*** Block opens ***

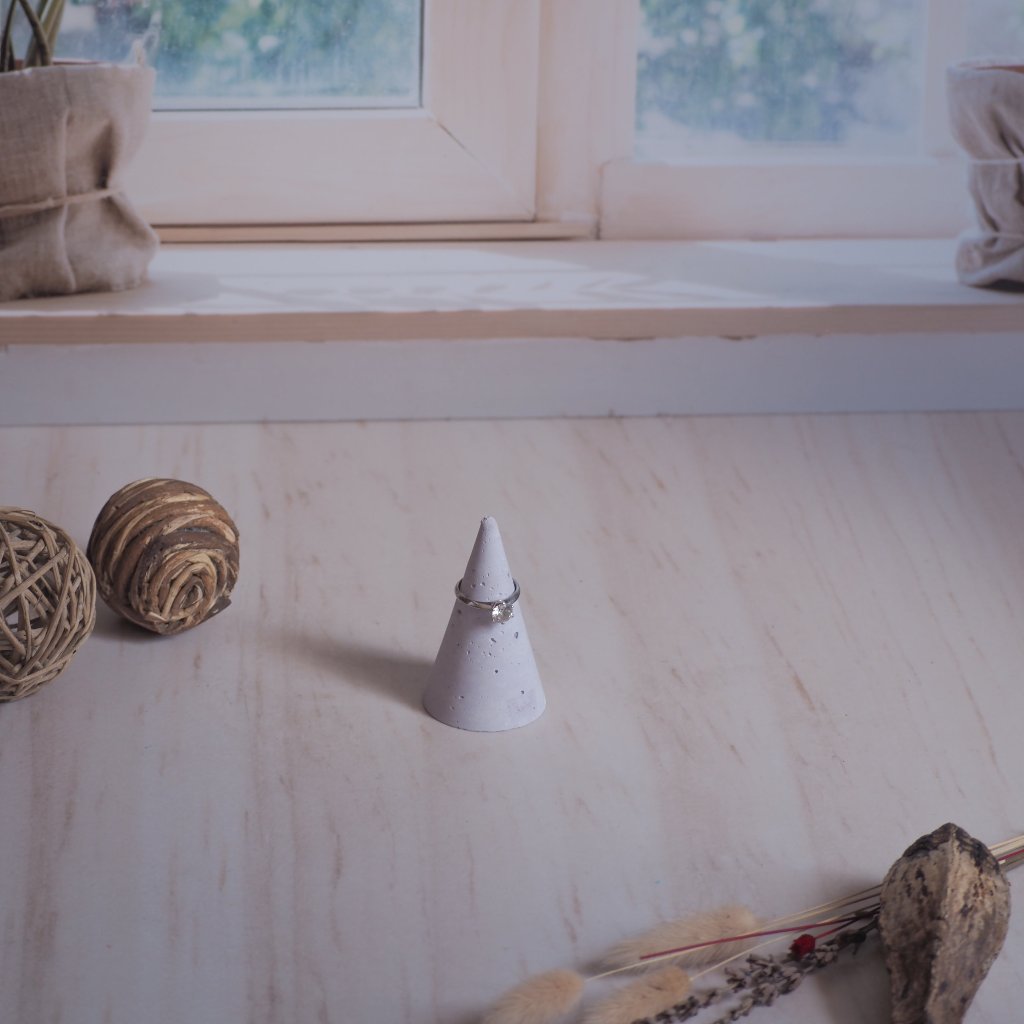 Volcan para Anillos 6,5 cms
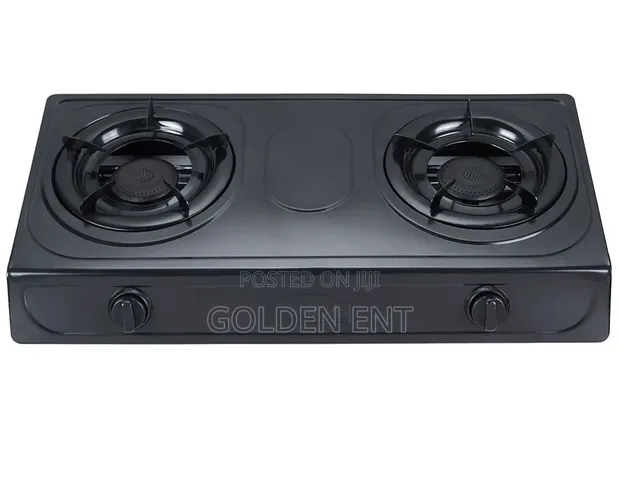 Macro Gas Cooker - Brand New - 1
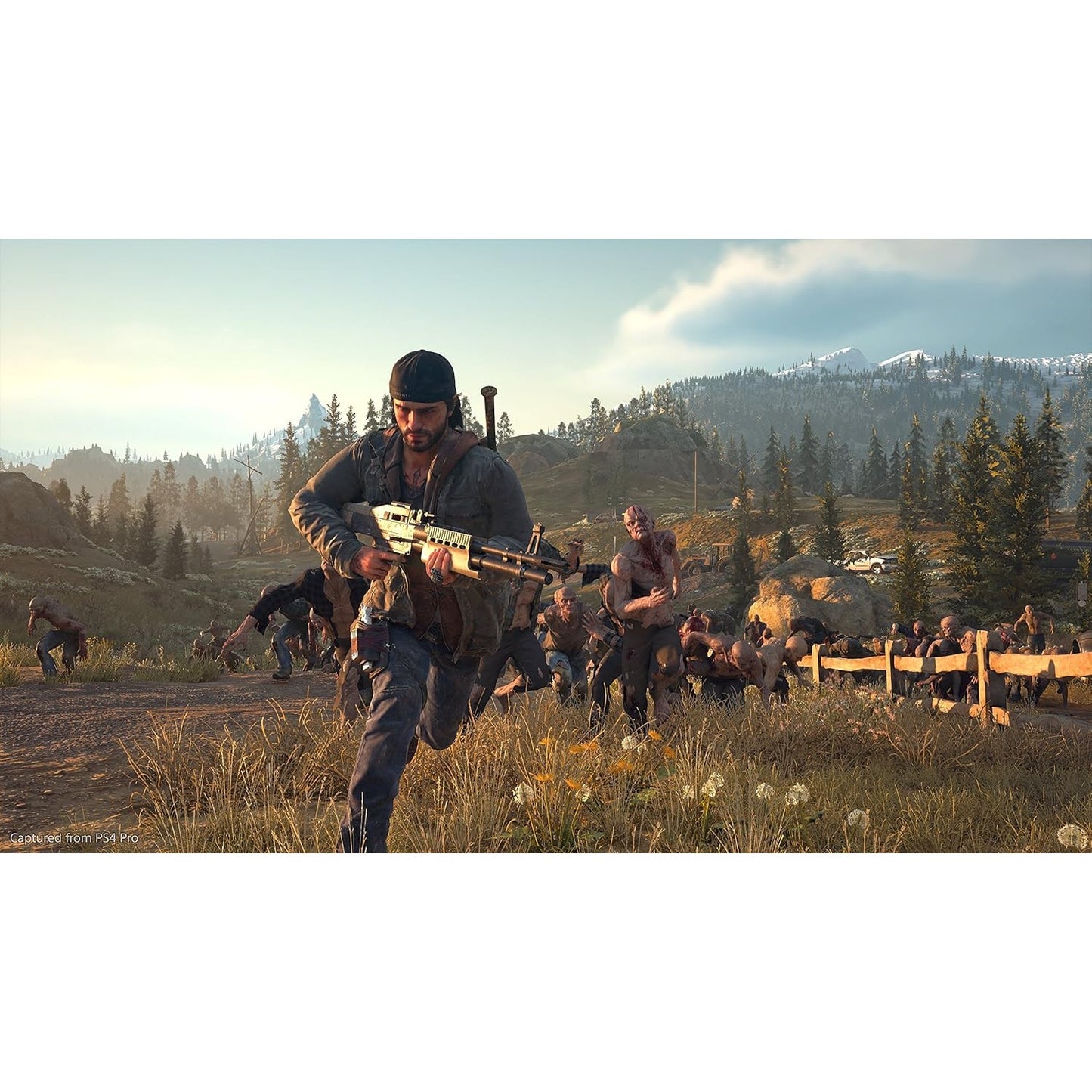 DAYS GONE PS4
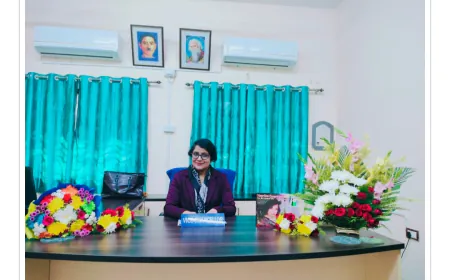 हिंदी विश्वविद्यालय में नवाचार और प्रभावी शिक्षण की नई पहल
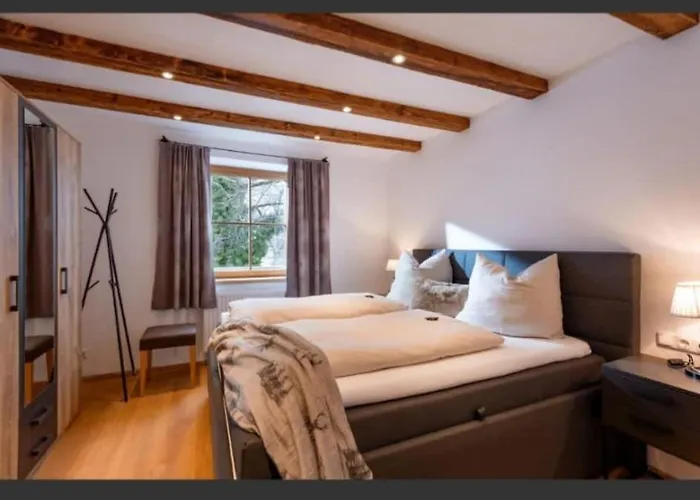 Haus Huber Sonnenhofweg *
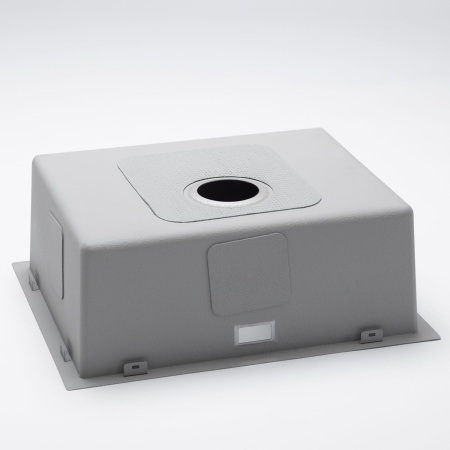 Кухонная мойка Grandex Aqua Proline 300206, сатин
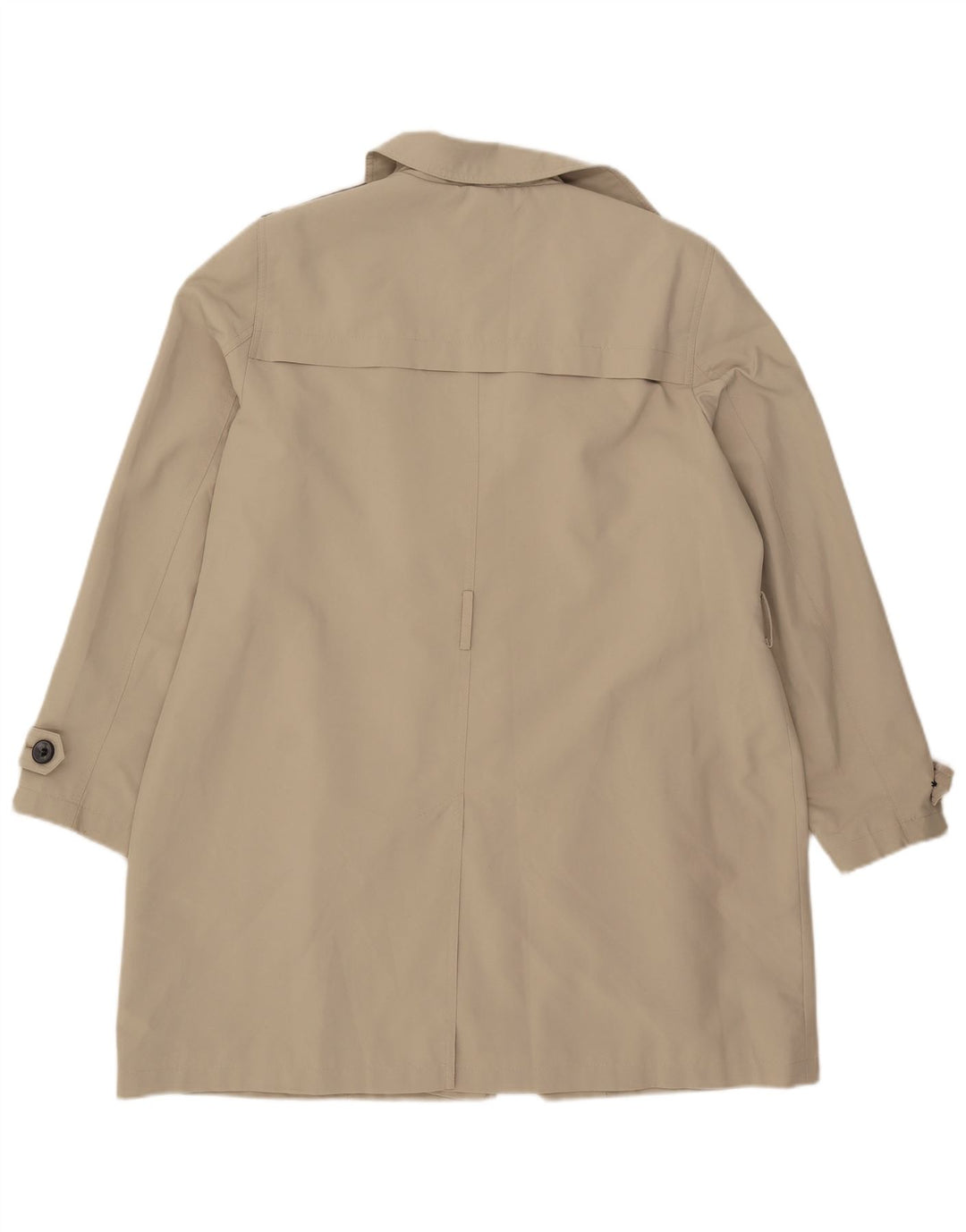 Trench da donna Marks & Spencer UK 20 2XL Poliestere beige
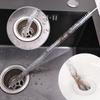 Decontamination Rolling Washing Machine Brush Universal Cleaner Brush New Dryer Duct Brush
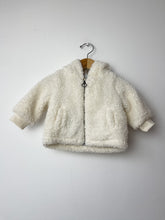 Load image into Gallery viewer, White Tucker &amp; Tate Sweater Size 0-3 Months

*** Block closes ***

:: Exercise directions ::
Write out the lines beginning at the line with "Haus Huber Sonnenhofweg *" and ending at the last line of the entries. Include no pictures.

:: Exercise response ::
 Haus Huber Sonnenhofweg *
 Кухонная мойка Grandex Aqua Proline 300206, сатин
 Trench da donna Marks & Spencer UK 20 2XL Poliestere beige
 Decontamination Rolling Washing Machine Brush Universal Cleaner Brush New Dryer Duct Brush
 Load image into Gallery viewer, White Tucker &amp; Tate Sweater Size 0-3 Months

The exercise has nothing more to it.